1975, c’est l’année à laquelle est arrivé mon père à Paris. Il se souvient. Tout était déjà là. Les tours de 30 étages. Les toits des boutiques en forme de pagode. Même ce restaurant immense, le Chinatown, où l’on fête le Nouvel An et les mariages de la communauté asiatique.
Cette année-là, cet ensemble de béton connu sous le nom des Olympiades s’élevait de terre. Des immeubles de 100 mètres de haut construit sur l’emplacement d’une ancienne gare à charbon, mais boudés par les Français qui refusèrent de s’y installer. Quelques mois plus tard, ce quartier vertical fut investi par les réfugiés asiatiques qui fuyaient le génocide des Khmers rouges au Cambodge*. Et tout autour, leurs commerces ont éclos, faisant de ce coin du 13ème arrondissement de Paris le plus grand quartier chinois d’Europe.

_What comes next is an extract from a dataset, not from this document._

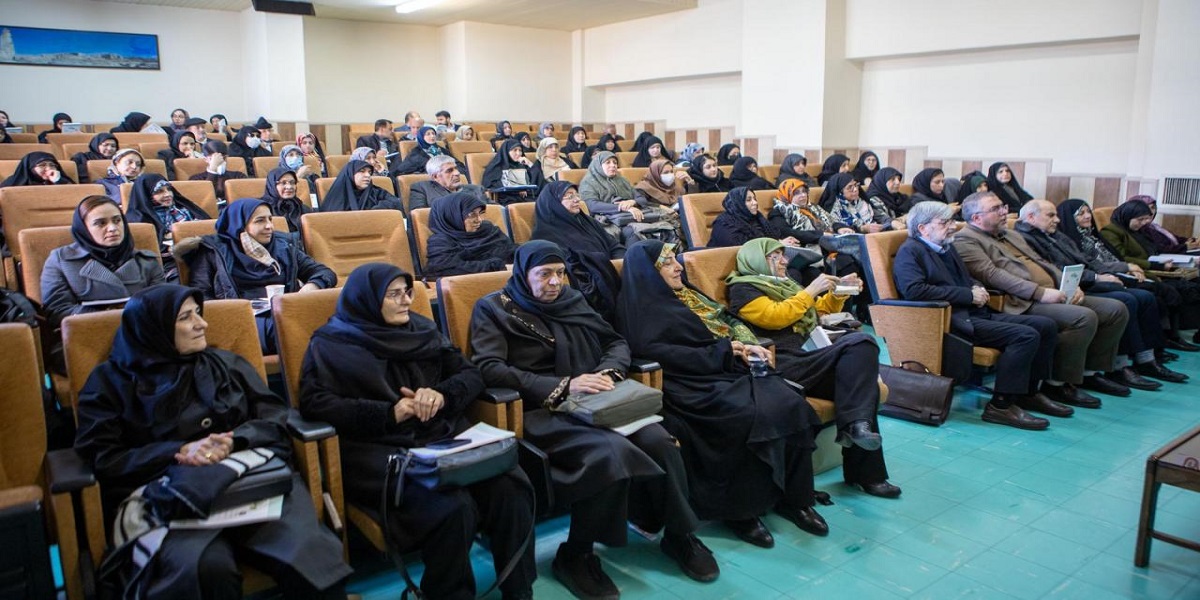 آئین نکوداشت بانوی قرآن پژوه زنده یاد منیر گرجی در دانشگاه تربیت مدرس برگزار شد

Défini par un triangle créé par l’avenue de Choisy, le boulevard Masséna et l’avenue d’Ivry, c’est un quartier chinois loin des clichés, habité par des communautés autant asiatiques que maghrébines ou occidentales.

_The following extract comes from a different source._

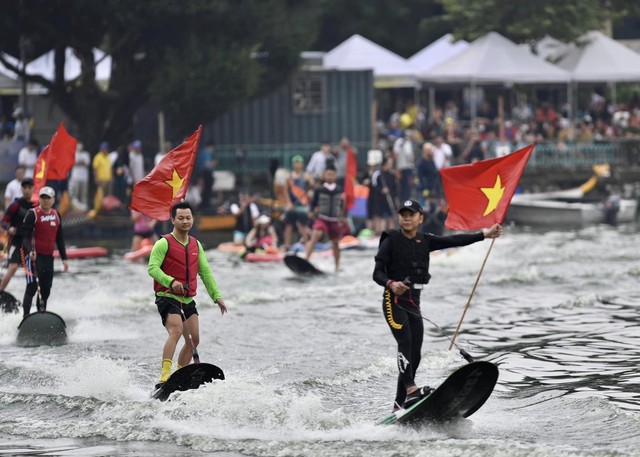 Hơn 500 vận động viên đội mưa tham dự giải bơi chải thuyền rồng Hà Nội mở rộng - Ảnh 5.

1975 marque aussi l’arrêt du projet des grands ensembles des Olympiades, dont l’urbanisme est remis en question. Sur les fondations avortées, la végétation a émergé, encerclant les tours bétonnées dans une harmonie non calculée.
Je capture ce morceau de ville sur des films Kodak UltraMax. En essayant cette pellicule les premières fois, je la trouvais trop saturée. Ici, elle ravive le rouge écaillé des murs et le côté défraîchi des grands ensembles propres aux années 70. Ici, rien ou presque n’a changé depuis 50 ans.
*L’INSEE recense 20 000 immigrés asiatiques en 1975 et 104 000 en 1982. Parmi ces immigrés, on compte des ethnies du Vietnam, du Laos et du Cambodge, mais aussi des minorités chinoises qui formaient une proportion importante dans les villes de ces pays (Michelle Guillon, Les Asiatiques en France, article de 1995).